I didn’t realize that until years later: Martin, Klara, and I had witnessed the first long Kaltenburg monologue without any reference to the animal kingdom. Till all hours he talked about a human being as if he were talking about an animal.
People were in mourning, everywhere you could see eyes red from weeping — but Kaltenburg took his example from a man who knew no tears. When Archetypes of Fear appeared a decade later, Klara and I agreed that his work on the book had begun then, on the sixth of March 1953. Covertly — for Kaltenburg would surely not have formulated a plan by that time, in the years before his departure the most he would have done was to jot down a few cryptic, seemingly disparate notes. Nonetheless, the evening we four spent together was the occasion for a shift of perspective. Only a minimal change in the angle of vision at first, as if the professor had become aware of a gentle movement on the margin of his visual field, all the harder to ignore the longer he insisted he hadn’t noticed anything.

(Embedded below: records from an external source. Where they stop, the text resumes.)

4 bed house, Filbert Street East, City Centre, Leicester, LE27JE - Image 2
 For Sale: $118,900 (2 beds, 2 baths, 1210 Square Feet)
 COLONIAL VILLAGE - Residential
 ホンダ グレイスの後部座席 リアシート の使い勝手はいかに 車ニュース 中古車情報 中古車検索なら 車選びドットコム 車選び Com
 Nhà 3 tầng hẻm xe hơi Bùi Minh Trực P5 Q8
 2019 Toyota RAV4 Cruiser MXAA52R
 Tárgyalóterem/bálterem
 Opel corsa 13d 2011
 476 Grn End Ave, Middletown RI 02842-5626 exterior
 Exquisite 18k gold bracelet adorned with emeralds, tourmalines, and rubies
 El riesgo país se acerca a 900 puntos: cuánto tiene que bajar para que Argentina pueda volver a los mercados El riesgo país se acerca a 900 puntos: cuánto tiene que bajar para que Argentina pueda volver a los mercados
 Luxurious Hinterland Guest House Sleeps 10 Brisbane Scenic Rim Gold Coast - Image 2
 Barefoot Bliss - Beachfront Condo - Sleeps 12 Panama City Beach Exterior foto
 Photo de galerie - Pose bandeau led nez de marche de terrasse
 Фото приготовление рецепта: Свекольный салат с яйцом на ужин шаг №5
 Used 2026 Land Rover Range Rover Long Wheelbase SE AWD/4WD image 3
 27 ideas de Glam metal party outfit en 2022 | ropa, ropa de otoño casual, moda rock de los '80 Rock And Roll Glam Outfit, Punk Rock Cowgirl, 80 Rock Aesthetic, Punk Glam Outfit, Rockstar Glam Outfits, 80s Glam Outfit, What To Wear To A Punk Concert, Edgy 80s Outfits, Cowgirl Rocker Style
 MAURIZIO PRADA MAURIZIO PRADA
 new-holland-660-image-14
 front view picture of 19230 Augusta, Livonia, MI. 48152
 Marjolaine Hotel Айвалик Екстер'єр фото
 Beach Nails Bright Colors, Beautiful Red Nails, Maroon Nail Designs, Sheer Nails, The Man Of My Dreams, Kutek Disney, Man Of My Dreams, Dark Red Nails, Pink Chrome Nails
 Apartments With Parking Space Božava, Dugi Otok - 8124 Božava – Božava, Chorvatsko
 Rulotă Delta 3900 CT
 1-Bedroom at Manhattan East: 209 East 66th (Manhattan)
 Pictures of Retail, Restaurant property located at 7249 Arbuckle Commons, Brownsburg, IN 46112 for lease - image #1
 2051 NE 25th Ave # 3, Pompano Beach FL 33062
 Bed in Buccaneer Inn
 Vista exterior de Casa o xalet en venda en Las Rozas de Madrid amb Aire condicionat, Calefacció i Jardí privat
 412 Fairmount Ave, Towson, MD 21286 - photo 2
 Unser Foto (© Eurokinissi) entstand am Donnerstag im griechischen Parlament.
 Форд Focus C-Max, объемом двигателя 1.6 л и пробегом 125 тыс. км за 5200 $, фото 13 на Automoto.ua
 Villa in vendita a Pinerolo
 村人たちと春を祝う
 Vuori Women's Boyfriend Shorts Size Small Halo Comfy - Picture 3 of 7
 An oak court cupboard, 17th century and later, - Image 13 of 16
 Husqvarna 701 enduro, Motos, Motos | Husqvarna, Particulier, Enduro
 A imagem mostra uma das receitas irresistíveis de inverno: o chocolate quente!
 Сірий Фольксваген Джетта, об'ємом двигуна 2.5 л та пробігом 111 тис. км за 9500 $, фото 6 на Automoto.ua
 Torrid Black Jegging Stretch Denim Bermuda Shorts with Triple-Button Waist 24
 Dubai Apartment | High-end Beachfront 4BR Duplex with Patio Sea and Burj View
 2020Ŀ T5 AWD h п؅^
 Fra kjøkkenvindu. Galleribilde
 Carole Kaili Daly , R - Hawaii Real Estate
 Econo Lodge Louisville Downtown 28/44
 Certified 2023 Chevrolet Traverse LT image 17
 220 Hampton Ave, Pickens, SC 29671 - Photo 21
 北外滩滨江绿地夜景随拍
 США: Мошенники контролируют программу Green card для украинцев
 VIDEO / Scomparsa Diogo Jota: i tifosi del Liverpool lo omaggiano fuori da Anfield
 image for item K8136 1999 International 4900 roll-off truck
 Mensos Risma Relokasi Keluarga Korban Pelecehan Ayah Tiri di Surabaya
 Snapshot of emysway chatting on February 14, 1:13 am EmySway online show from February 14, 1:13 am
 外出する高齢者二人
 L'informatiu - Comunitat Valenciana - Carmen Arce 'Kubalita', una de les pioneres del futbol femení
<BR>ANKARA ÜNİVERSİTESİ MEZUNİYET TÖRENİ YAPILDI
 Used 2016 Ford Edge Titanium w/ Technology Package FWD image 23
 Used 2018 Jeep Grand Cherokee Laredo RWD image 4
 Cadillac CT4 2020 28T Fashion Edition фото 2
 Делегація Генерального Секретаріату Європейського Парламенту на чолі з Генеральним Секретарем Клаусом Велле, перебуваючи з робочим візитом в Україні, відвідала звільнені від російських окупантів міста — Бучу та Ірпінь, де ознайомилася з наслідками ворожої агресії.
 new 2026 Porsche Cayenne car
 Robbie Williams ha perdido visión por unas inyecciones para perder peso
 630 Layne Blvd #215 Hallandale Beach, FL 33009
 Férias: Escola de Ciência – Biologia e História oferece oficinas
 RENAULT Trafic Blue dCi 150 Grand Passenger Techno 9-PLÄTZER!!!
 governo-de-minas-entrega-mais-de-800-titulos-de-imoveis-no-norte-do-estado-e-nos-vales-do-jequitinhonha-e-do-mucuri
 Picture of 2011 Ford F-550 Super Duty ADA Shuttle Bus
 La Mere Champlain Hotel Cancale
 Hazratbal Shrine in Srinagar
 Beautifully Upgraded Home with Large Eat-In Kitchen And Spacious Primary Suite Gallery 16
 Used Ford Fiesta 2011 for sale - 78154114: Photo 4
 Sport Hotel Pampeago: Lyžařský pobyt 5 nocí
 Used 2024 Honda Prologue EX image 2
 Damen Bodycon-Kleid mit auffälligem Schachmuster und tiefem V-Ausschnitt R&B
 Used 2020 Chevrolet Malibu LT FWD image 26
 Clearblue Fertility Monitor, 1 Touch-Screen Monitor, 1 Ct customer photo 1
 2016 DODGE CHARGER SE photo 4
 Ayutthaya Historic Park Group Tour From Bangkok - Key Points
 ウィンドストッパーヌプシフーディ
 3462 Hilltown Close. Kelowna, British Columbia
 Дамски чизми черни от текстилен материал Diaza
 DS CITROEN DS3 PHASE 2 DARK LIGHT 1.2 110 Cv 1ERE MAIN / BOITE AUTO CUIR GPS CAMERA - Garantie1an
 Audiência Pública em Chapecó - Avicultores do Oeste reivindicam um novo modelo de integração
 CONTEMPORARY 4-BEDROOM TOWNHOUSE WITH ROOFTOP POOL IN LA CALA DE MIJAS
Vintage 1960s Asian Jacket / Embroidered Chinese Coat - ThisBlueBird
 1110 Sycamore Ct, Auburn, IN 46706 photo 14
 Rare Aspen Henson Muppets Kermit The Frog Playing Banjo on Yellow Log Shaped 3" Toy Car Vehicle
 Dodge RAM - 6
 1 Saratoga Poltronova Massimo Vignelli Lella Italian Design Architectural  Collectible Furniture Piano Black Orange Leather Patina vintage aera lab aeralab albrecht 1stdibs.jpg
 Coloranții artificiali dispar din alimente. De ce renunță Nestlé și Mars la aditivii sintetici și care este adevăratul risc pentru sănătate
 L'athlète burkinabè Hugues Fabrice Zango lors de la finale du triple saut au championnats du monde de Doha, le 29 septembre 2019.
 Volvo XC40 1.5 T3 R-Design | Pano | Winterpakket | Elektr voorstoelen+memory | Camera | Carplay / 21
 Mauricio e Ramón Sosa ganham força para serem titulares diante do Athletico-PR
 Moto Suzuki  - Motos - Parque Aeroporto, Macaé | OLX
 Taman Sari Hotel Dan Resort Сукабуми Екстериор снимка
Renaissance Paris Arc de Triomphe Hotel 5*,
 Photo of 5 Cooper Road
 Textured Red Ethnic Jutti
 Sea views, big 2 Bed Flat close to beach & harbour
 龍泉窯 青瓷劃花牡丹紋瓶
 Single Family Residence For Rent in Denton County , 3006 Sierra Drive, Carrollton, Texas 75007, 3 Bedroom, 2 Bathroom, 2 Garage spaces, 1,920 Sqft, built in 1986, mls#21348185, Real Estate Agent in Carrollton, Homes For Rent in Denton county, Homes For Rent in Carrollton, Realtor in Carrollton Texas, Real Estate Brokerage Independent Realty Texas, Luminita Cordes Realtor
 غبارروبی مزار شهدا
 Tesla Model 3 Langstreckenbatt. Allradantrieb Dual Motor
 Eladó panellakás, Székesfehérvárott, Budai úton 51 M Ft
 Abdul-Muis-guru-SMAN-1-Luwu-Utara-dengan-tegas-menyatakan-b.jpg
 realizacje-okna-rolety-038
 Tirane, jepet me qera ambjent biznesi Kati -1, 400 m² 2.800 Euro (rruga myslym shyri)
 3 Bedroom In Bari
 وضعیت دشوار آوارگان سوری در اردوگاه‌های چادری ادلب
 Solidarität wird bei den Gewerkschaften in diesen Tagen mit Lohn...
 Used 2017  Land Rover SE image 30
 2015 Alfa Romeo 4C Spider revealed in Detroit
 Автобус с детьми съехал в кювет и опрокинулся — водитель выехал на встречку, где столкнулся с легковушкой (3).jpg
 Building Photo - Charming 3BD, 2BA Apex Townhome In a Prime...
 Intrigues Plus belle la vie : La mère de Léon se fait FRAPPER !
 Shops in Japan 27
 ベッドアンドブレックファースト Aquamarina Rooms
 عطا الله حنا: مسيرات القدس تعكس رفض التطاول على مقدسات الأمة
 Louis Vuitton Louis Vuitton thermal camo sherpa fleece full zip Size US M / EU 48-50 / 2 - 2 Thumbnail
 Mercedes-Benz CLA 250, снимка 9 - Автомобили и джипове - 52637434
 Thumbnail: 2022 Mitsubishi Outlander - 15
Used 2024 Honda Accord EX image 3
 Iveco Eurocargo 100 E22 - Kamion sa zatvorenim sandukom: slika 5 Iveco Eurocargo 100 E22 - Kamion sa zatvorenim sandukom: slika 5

Gradually Kaltenburg was to turn toward a new area of observation. Our clandestine session in the Hagemanns’ house had brought him together with the first subject of his incipient researches, in fact the two had sat opposite each other for some hours. However, much to the professor’s regret, for the moment this future object of research showed no interest in submitting himself to observation. “The animals? It’s you I’m studying,” was what he claimed to have thrown at unwelcome visitors — later, there was no one the assertion fit better than Martin Spengler.
“Why not Klara Hagemann?”
He must have thought of Martin as an open challenge — a person who resisted being seen through by Kaltenburg. And Ludwig Kaltenburg had a masterly ability to coax people’s secrets out of them. Secrets they themselves were not aware of. Some were grateful to him: under his guidance they had plumbed depths into which they would never have ventured but for the professor. However, Kaltenburg didn’t want to hear about depths. Others felt betrayed: in his presence they had given away something that nobody had a right to know. But Kaltenburg did not believe in any case that you could successfully go on concealing something from the world. Whether depths or involuntary revelations, everybody agreed on one thing: basically the professor had done the talking, interrupted only by questions and comments that sounded to the listener in retrospect like incidental confessions. Kaltenburg’s gift for talking and observing — however, as far as Klara was concerned, I’m not sure to this day whether she was a challenge that defeated him or whether he never took on the challenge.